**DATA**
◇ ◇ ◇ ◇ ◇ ◇ ◇
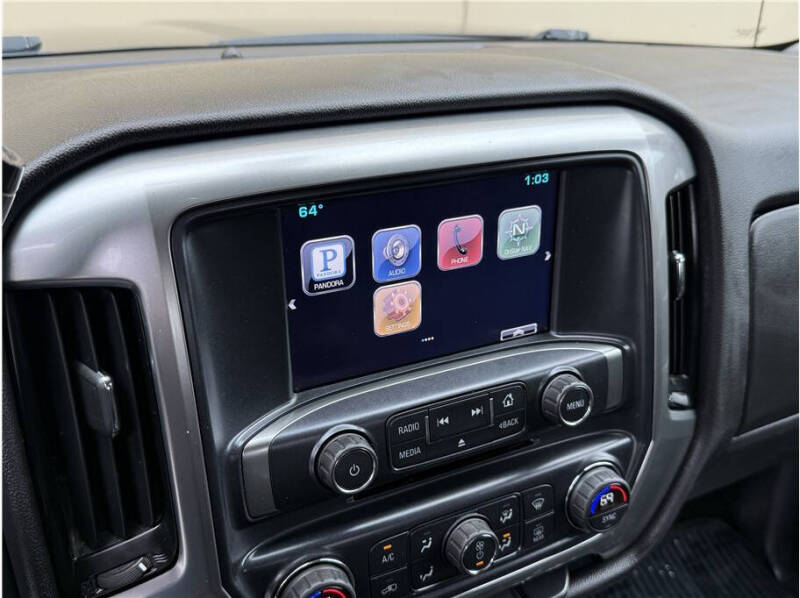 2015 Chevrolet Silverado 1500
◇ ◇ ◇ ◇ ◇ ◇ ◇
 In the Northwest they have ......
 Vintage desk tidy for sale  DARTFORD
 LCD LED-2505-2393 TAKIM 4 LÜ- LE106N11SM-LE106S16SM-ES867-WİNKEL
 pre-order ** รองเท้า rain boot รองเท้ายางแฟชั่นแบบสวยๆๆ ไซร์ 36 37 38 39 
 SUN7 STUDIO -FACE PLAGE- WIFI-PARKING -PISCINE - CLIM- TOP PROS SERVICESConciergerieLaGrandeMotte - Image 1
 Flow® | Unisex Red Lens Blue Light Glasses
◇ ◇ ◇ ◇ ◇ ◇ ◇
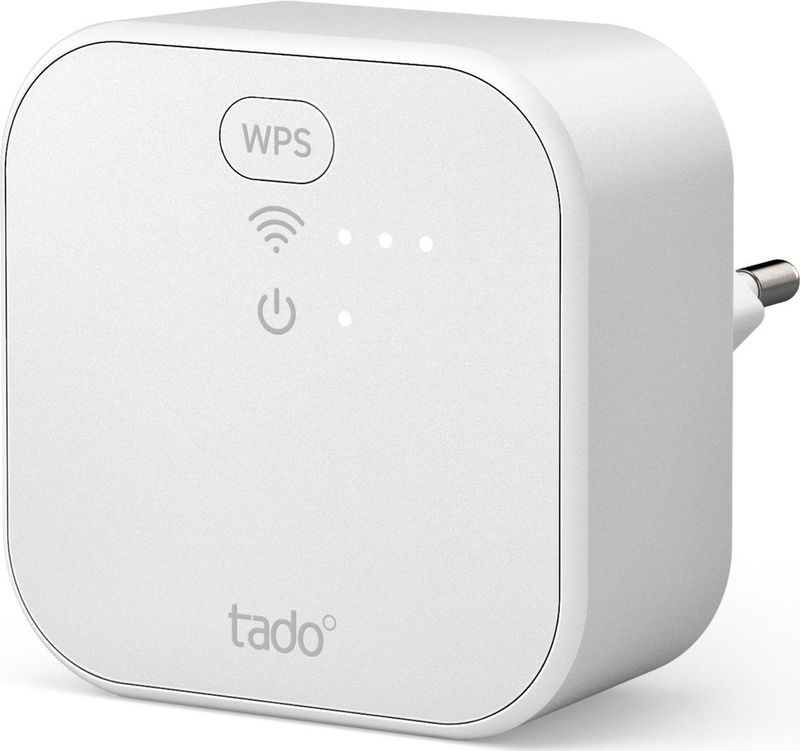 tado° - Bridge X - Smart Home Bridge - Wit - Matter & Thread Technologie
◇ ◇ ◇ ◇ ◇ ◇ ◇
**ACTIVITY**
Of the lines above, retype only those from the line containing "SUN7 STUDIO -FACE" through the line containing "Flow® | Unisex Red Lens Blue Light Glasses", including both, exactly.

**RESULT FOR THIS TASK**
 SUN7 STUDIO -FACE PLAGE- WIFI-PARKING -PISCINE - CLIM- TOP PROS SERVICESConciergerieLaGrandeMotte - Image 1
 Flow® | Unisex Red Lens Blue Light Glasses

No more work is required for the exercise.